Bart: What's next for you?
Roman: For us, we want to create a logs database that is Kubernetes-native and applicable to all services running in Kubernetes in a streamlined way. We have VictoriaMetrics, a time-series database that is already compatible with Kubernetes service discovery and metrics exposition format, so it can be used by default for collecting all metrics from Kubernetes.
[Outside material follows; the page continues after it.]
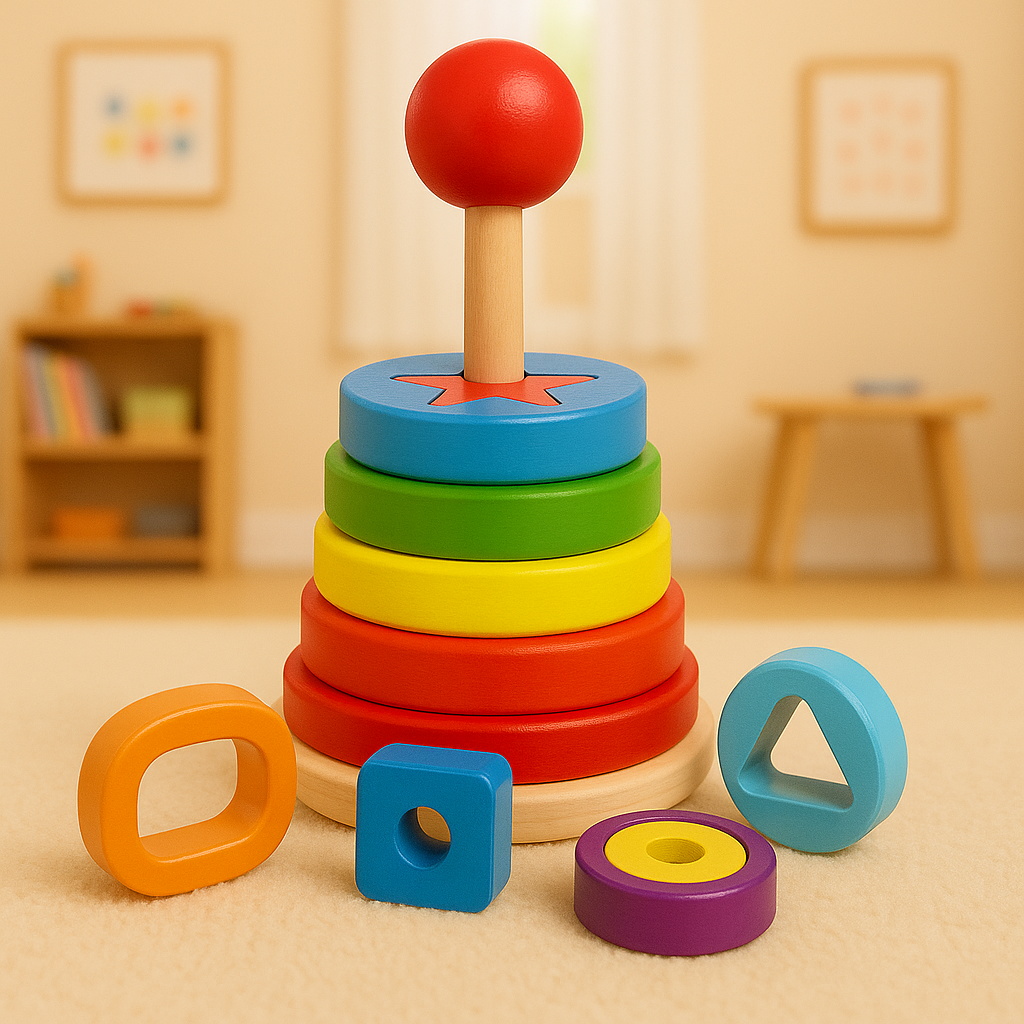 Wooden Montessori Stacking Ring Tower With Lacing Activity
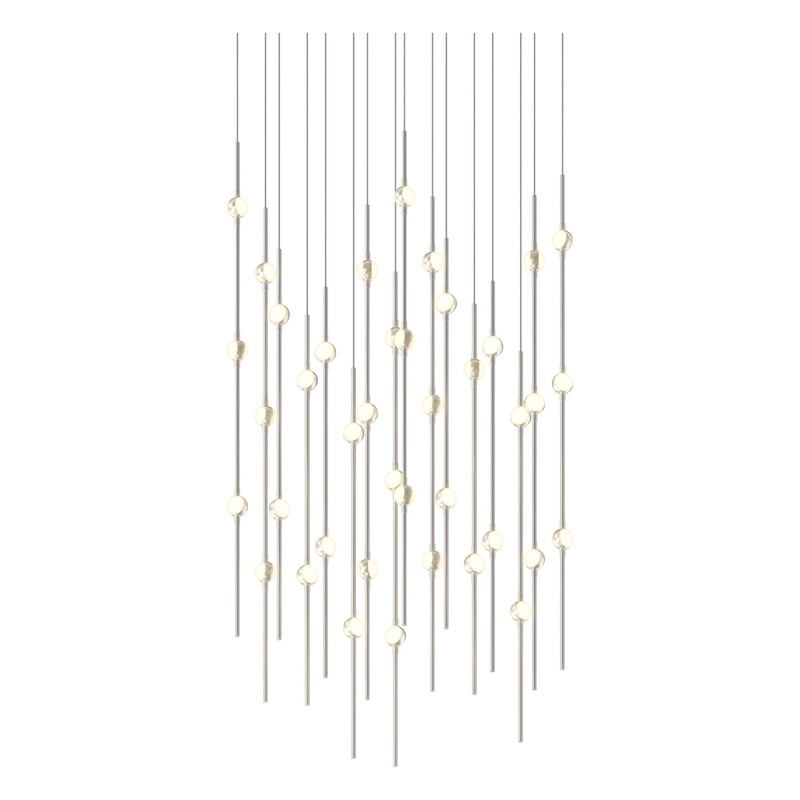 Aries 24″ Square LED Pendant Satin Nickel with White Optical Acrylic 3000K 10′ Adjustable Cord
We want to do the same for logs because, from my perspective, there are three main telemetry signals: traces, logs, and metrics. Logs and metrics generate the most volume. Currently, we support metrics, and we want to support logs because logs are probably the first priority in terms of data volume that needs to be transferred, processed, and stored.
If people want to get in touch with us, the best way is to open a ticket on VictoriaMetrics GitHub. You can also check our VictoriaMetrics Documentation on VictoriaMetrics GitHub or our website to find our VictoriaMetrics Slack community, Stack Overflow community, or email us - all those links are in our VictoriaMetrics Documentation. We have about three thousand people in VictoriaMetrics Slack, so I guess that's the most popular platform right now. Just join our public VictoriaMetrics Slack, ask questions, and we will be happy to help.
Bart: Thank you very much for your time today.